THE DATA Start Marker

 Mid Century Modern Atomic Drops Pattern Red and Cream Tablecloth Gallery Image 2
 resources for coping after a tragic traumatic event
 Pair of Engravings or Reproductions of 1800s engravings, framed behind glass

THE DATA End Marker
THE DATA Start Marker

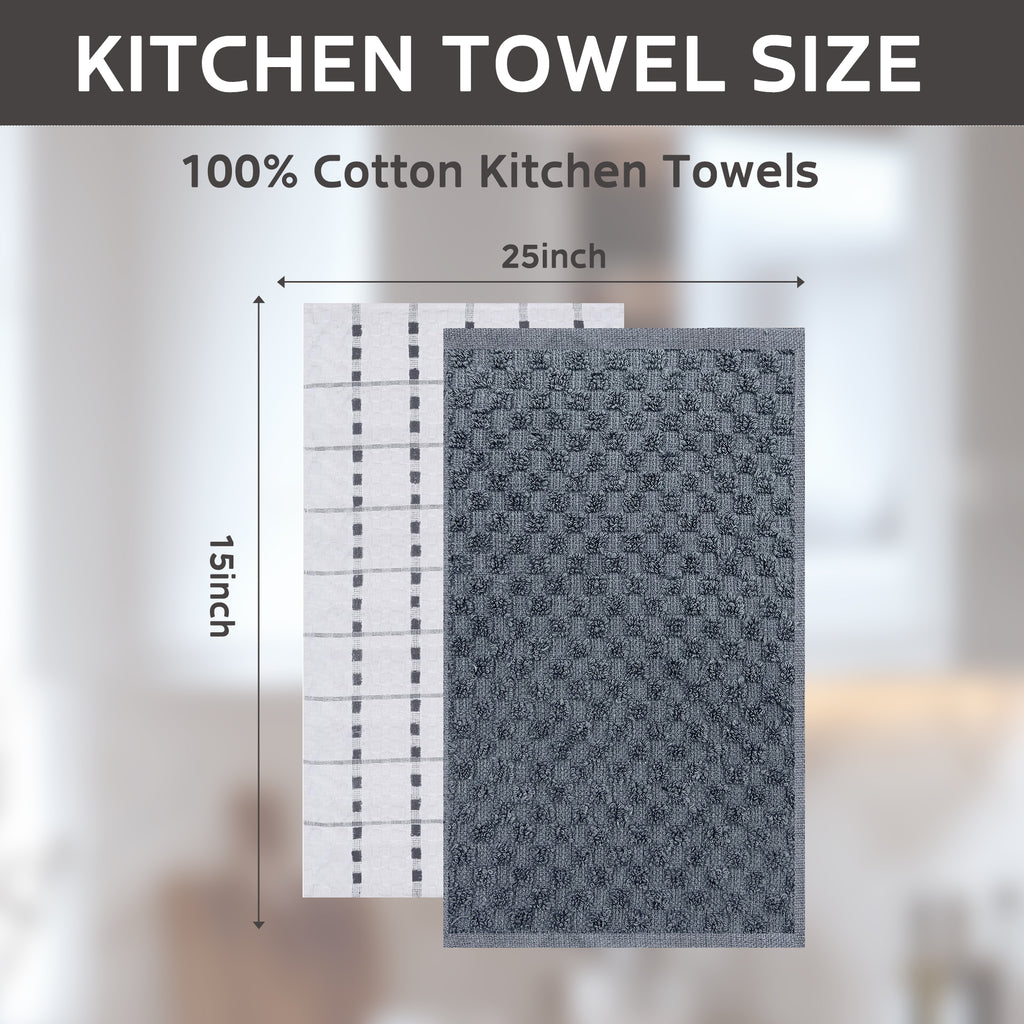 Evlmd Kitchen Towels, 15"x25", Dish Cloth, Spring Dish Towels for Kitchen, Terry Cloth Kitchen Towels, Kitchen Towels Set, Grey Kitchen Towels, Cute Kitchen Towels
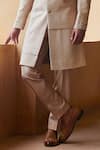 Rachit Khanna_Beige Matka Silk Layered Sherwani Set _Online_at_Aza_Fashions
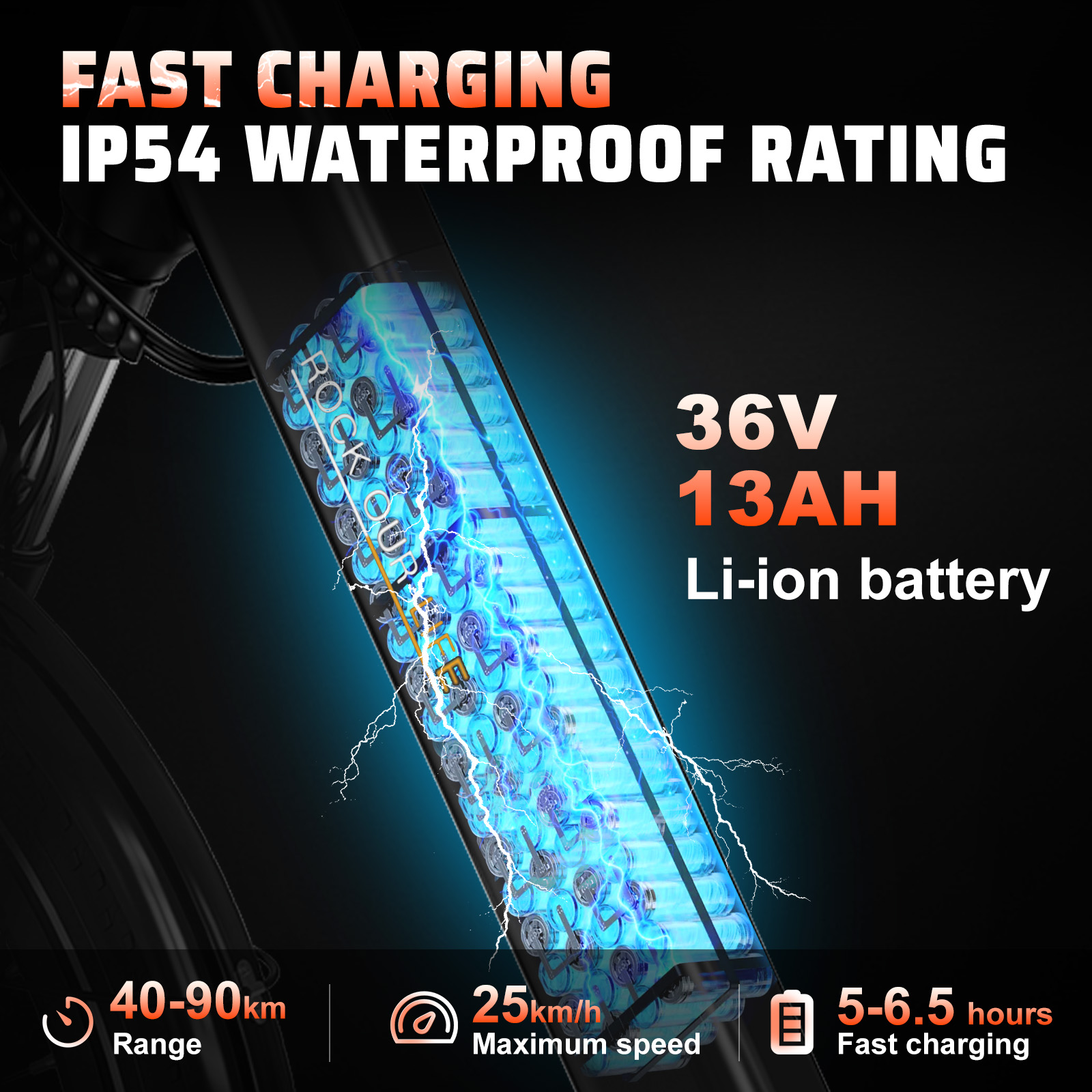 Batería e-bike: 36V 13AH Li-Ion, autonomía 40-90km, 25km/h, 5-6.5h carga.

THE DATA End Marker
THE DATA Start Marker

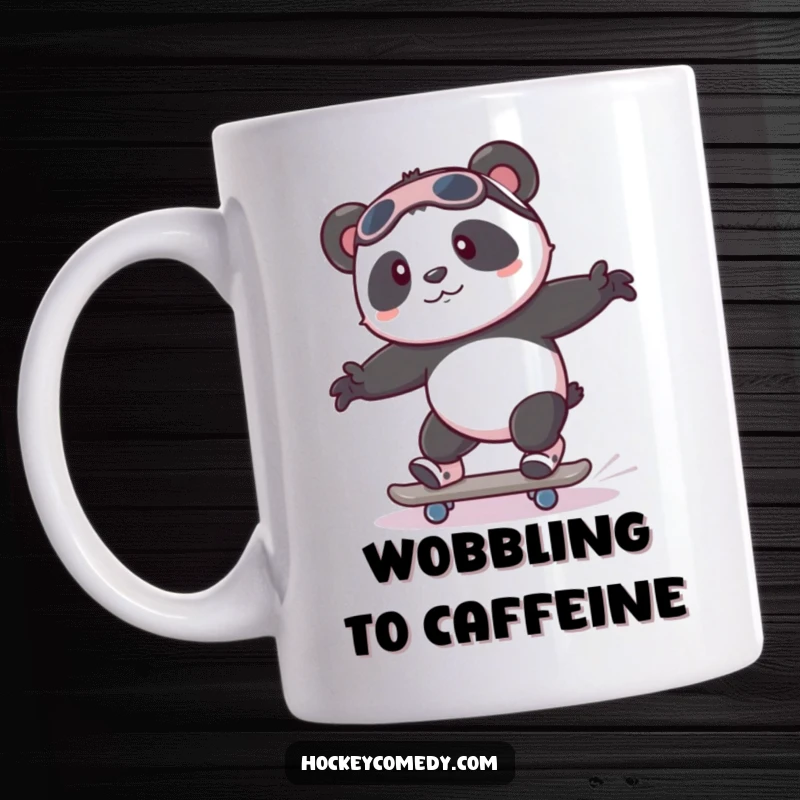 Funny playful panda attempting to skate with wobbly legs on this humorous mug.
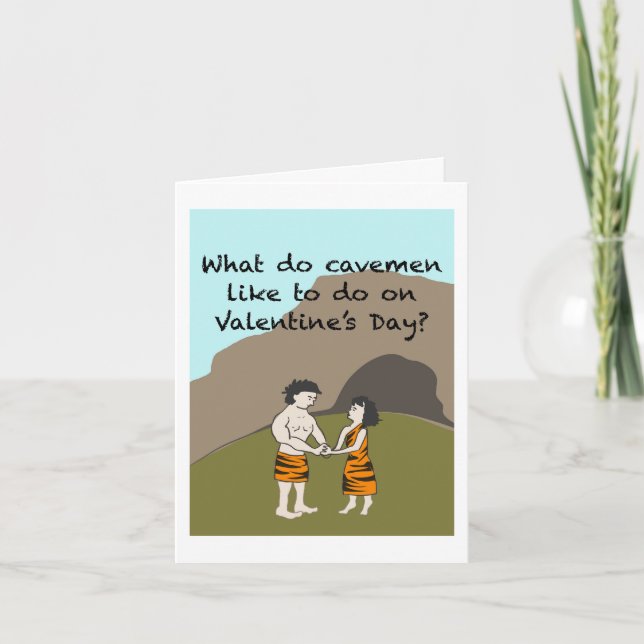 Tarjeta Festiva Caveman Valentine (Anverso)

THE DATA End Marker

### ASSIGNMENT
Every line above from the line with "resources for coping" to the line with "Pair of Engravings" is wanted, ends included; write them out exactly and add no other line.

### RESULT FOR THIS EXERCISE
 resources for coping after a tragic traumatic event
 Pair of Engravings or Reproductions of 1800s engravings, framed behind glass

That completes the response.